(What is being asked): Please output the line containing "Person in tank top observed in Perm, Russia" and all lines that follow it in the data below, exactly, with no pictures.

(Data provided):
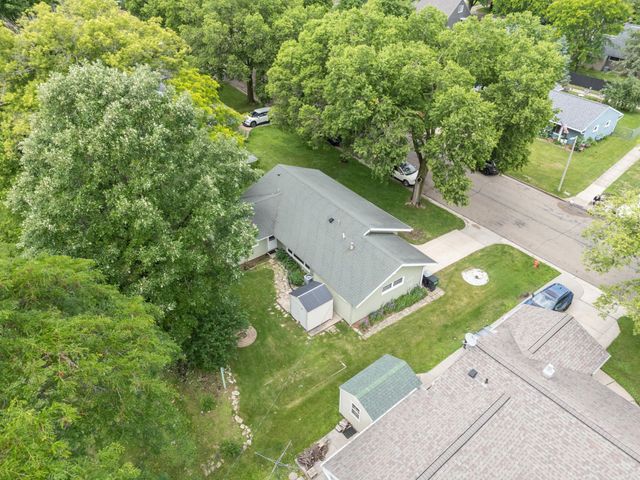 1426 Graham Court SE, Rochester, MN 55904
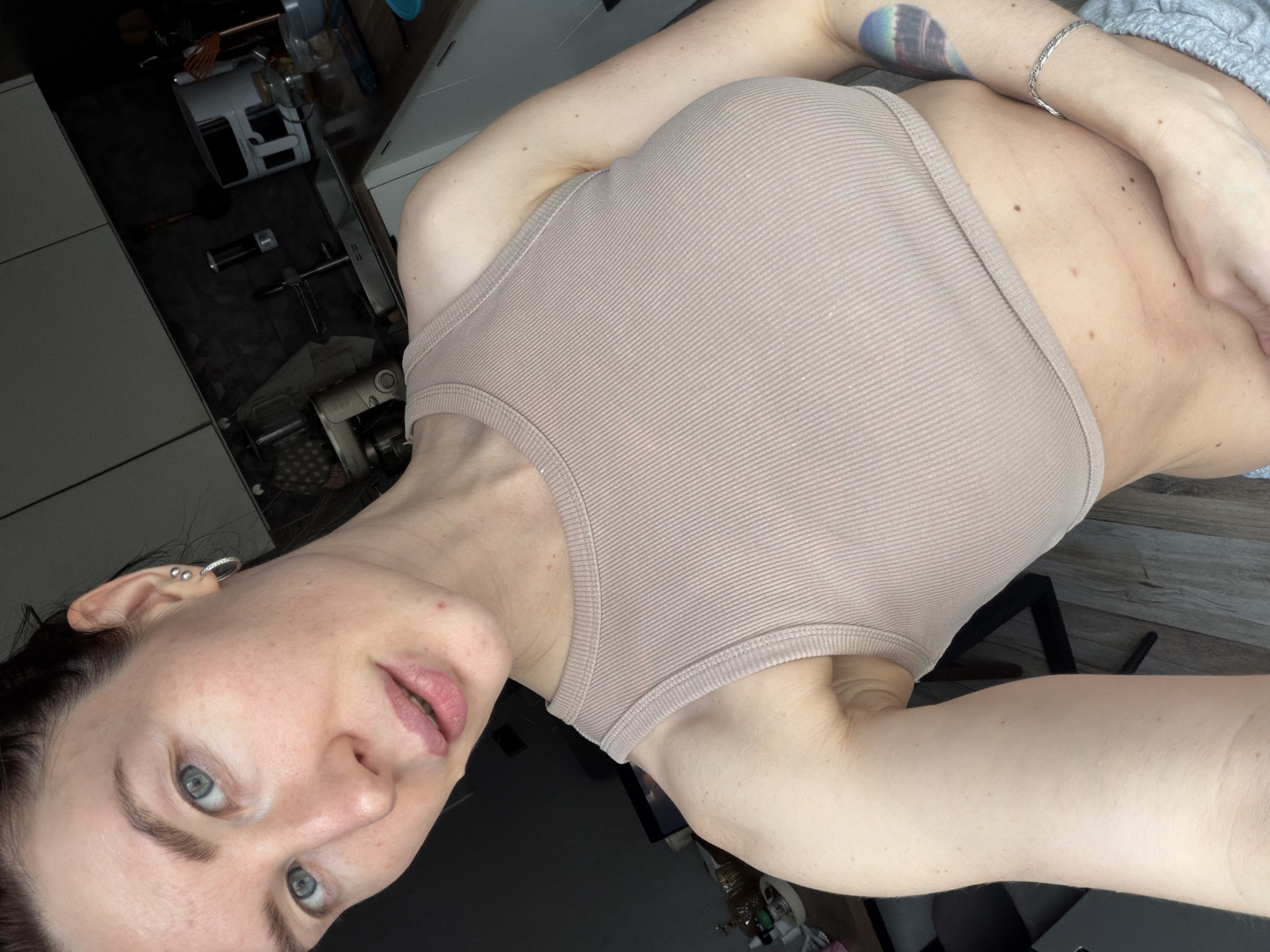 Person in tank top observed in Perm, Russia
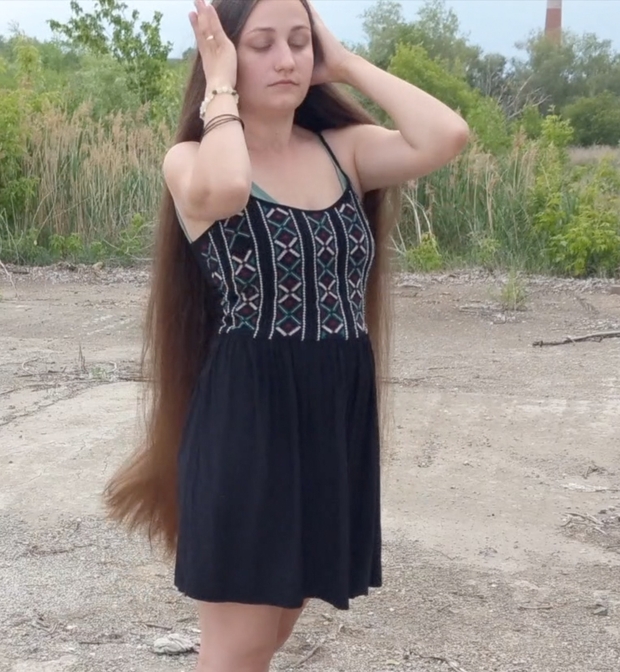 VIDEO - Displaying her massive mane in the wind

(Answer box):
 Person in tank top observed in Perm, Russia
 VIDEO - Displaying her massive mane in the wind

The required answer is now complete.